Teaching middle schoolers how to cook doesn’t have to be complicated. Do what you can to make your time in the kitchen together as simple and fun as possible.

6th-8th grade is the perfect time to focus on teaching cooking skills because tweens are old enough to take it seriously and follow directions, yet young enough that they’ll think it’s cool to be making meals for themselves and the family. 

Easy Ideas for Teaching Middle Schoolers How to Cook

Why Teaching Middle Schoolers How to Cook is Important

When kids don’t learn how to cook, they become adults who can’t find their way around a kitchen. Therefore, they’ll rely heavily on takeout and prepared foods, which are less healthy and more expensive than meals cooked from scratch.

Once they’re older, they’ll be busy with other responsibilities, making it harder for them to find the time and desire to master the cooking process. So, the earlier you start teaching kids this important life skill, the better. 

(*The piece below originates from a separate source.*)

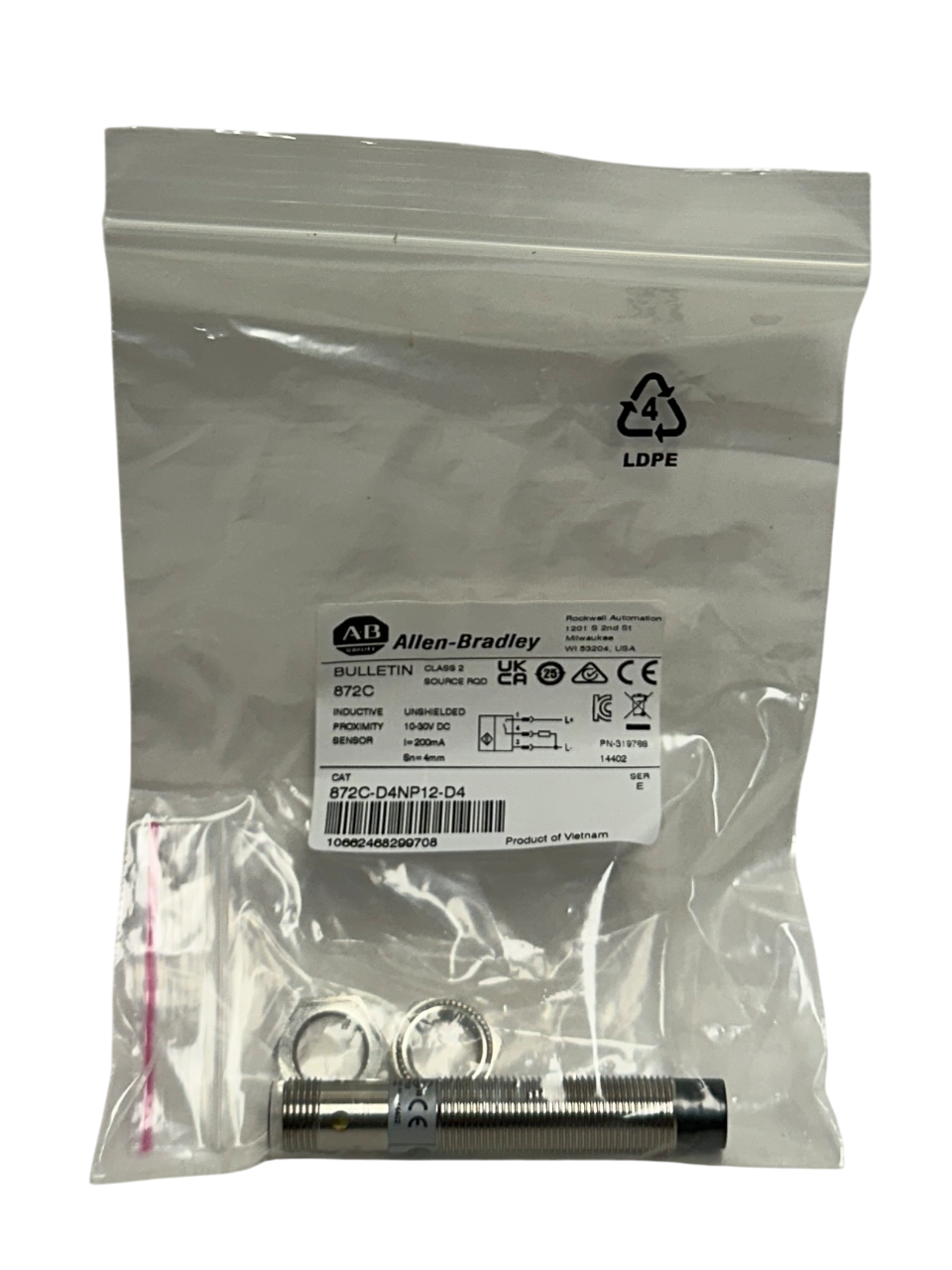 Used ALLEN BRADLEY 872C-D4NP12-D4 /E INDUCTIVE PROXIMITY SENSOR 10-30VDC 200mA NSMP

Don’t Do Everything Yourself – Let Them Be The Chef

As you begin, it may make sense for them to help you by being the sous chef, but I would encourage you to let them take the lead as quickly as possible. Above all, tweens want to feel like they’re doing something important, therefore, they’ll get frustrated if you keep them on the smaller parts of a recipe for too long, like only doing prep work or making sauces.

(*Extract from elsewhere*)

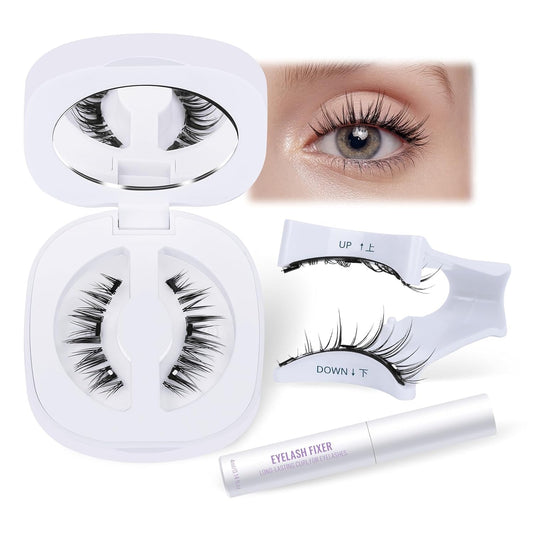 B&Qaugen Magnetic Eyelashes with Applicator Lashes Reusable Glue-Free Natural Look Cluster Kit Easy to Wear and Remove（M01）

Although it may be faster to do it yourself, when you’re in the kitchen with your kids, let them cook. Repetition is the only way for them to learn and improve.

Make a Cooking Plan With Your Tween

One of the easiest ways to get started is to sit down with your tweens and ask them what they’d like to learn. Together, brainstorm a bunch of ideas, pick a few and write them down. This list will give you a place to begin and a way to stay focused.

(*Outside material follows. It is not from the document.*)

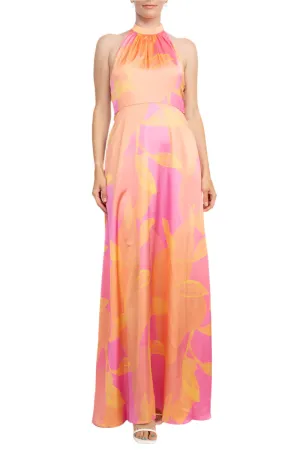 Aidan Mattox Halter Tie Neck Zipper Back Multi Print Satin Gown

To simplify the brainstorming process, encourage your kids to think in terms of categories. For example, ask them about different cooking methods they find interesting, favorite meals they want to make, or specific mealtimes they enjoy.

Here are some ideas to help get you started.

Methods of Cooking

When your kids think of the foods they enjoy, which cooking techniques are used? Choose a couple of methods to focus on and find recipes that incorporate them.

Things like:

Favorite Meals

What are some of your tween’s favorite dishes? Start with some of those to get her excited to be in the kitchen.

Think about:

  • childhood favorites
  • copycat restaurant recipes
  • special occasion dishes

Mealtime Focus

Which meal has your child’s most loved food? Focus on that when choosing recipes to cook together. Remember that you don’t have to stick to traditional time frames when making meals. If your tween isn’t a morning person but loves breakfast, there’s nothing wrong with pancakes for dinner.

Consider: 

  • breakfast
  • lunch
  • dinner
  • snacks

Keep Cooking Lessons Simple and Practical

The best way to teach middle schoolers how to cook is by spending time in the kitchen together. You don’t have to have a detailed plan or an expensive curriculum. In other words, just choose some recipes and jump right in. 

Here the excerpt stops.